Extracted data entries
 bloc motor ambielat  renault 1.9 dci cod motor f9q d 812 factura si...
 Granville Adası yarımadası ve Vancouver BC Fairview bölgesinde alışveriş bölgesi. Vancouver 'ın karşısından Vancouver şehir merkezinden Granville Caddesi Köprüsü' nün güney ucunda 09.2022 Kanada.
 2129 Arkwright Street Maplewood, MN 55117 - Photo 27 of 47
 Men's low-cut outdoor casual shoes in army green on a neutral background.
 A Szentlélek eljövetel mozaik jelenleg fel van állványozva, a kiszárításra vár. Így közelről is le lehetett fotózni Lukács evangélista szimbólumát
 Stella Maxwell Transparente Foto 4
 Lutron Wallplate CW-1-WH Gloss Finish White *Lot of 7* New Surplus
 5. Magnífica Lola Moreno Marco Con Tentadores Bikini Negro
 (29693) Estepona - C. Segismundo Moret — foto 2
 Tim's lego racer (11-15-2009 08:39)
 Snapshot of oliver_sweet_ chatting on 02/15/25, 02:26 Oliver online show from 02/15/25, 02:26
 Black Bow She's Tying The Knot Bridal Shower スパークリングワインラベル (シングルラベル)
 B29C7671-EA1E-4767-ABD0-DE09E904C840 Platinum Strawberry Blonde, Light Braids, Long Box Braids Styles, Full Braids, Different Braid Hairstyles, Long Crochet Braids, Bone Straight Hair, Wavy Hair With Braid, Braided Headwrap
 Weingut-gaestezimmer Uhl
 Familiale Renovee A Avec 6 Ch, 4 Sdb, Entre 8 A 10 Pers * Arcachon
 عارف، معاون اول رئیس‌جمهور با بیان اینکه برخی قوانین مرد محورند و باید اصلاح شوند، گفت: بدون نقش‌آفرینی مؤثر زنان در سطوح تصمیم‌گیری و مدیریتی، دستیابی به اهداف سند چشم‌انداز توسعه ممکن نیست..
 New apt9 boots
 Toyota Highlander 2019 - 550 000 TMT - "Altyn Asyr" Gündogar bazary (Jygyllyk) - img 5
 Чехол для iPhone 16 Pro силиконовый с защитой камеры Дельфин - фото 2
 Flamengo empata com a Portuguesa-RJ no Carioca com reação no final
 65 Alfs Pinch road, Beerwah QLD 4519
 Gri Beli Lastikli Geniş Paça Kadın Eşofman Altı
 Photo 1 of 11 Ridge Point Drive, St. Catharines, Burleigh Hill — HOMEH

● ACTIVITY:
Output nothing but the line containing "New apt9 boots" and each line after it in the entries above, exactly as written.

● WRITTEN SOLUTION:
 New apt9 boots
 Toyota Highlander 2019 - 550 000 TMT - "Altyn Asyr" Gündogar bazary (Jygyllyk) - img 5
 Чехол для iPhone 16 Pro силиконовый с защитой камеры Дельфин - фото 2
 Flamengo empata com a Portuguesa-RJ no Carioca com reação no final
 65 Alfs Pinch road, Beerwah QLD 4519
 Gri Beli Lastikli Geniş Paça Kadın Eşofman Altı
 Photo 1 of 11 Ridge Point Drive, St. Catharines, Burleigh Hill — HOMEH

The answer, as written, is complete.